O artigo objeto desta resenha é um estudo do uso da maconha entre os

índios Tenetehara do Maranhão. O fio que conduz o trabalho pauta-se na tortura

do índio Celestino Guajajara (outra nome pelo qual a etnia tenetehara também é

conhecida), ocorrida durante a ‘operação maconha’, conduzida pela Polícia

Federal (PF) nas áreas indígenas do Maranhão em 1977.

Visto à distância que os quase trinta anos permitem, surpreendem-nos a

atualidade da discussão que o texto propõe. Se, por um lado, notam-se ali

exemplos flagrantes de uma militarização dos diversos segmentos do poder

estatal - compreensível a partir das características do regime político de então -

não é menos importante destacar que o discurso de guerra às drogas daquele

momento ainda se faz presente de modo sistemático nas discussões acerca do

tema.

Ao realizar o trabalho etnográfico proposto em duas incursões à tribo dos

Tenetehara, o autor afirma, já nas primeiras páginas no artigo, que ‘é hora de

escutar a mensagem implícita na prática indígena de que as plantas psicotrópicas

não são maléficas em si, mas que o seu aproveitamento adequado depende de

uma precisa contextualização cultural’ [94].

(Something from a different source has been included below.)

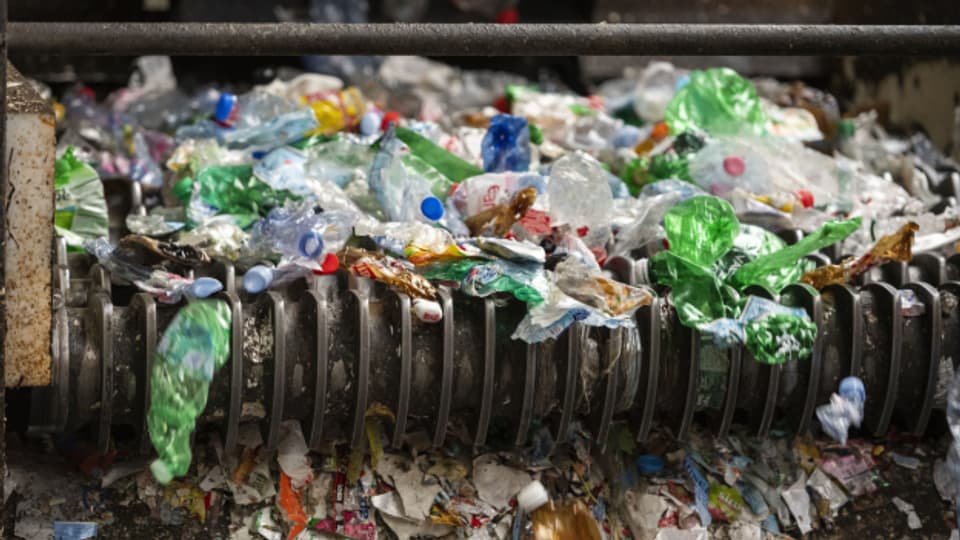 Eine Anlage, die Plastik recycelt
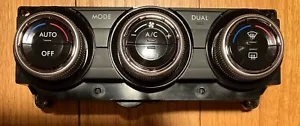2016-2018 Subaru Forester AC Heater Temperature Climate Control 72311SG650 OEM - Picture 1 of 7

Esse aspecto destacado pelo autor é de suma importância, pois aponta

para uma outra interpretação no que tange ao uso de substâncias psicotrópicas,

o qual não se restringe à problemática da dependência química ou psíquica.

Henman ilustra a questão acima através da exemplificação do uso da

maconha pelos Tenetehara: a mesma é mais consumida durante a realização de

trabalhos que exigem esforços físicos, como, por exemplo, a preparação do

terreno para o plantio. [cf. 103]. Os índios acreditam que ela tenha um poder

estimulante. Todavia, lembrando-nos que o período de preparação da roça

coincide com o fim da safra da maconha, bem como da imprevidência que os

caracteriza, revela-se que os membros da tribo passam meses sem poder fazer

uso dela, sem que isso resulte em qualquer prejuízo do funcionamento daquela

sociedade.

Um outro contexto de uso da maconha pelos Tenetehara diz respeito às

reuniões noturnas. Ali, os índios ‘se juntam para discutir questões referentes à

vida da comunidade, dando espaço para os velhos recitarem mitos e fazerem

discursos políticos e os jovens contarem piadas e aventuras sexuais’ [103].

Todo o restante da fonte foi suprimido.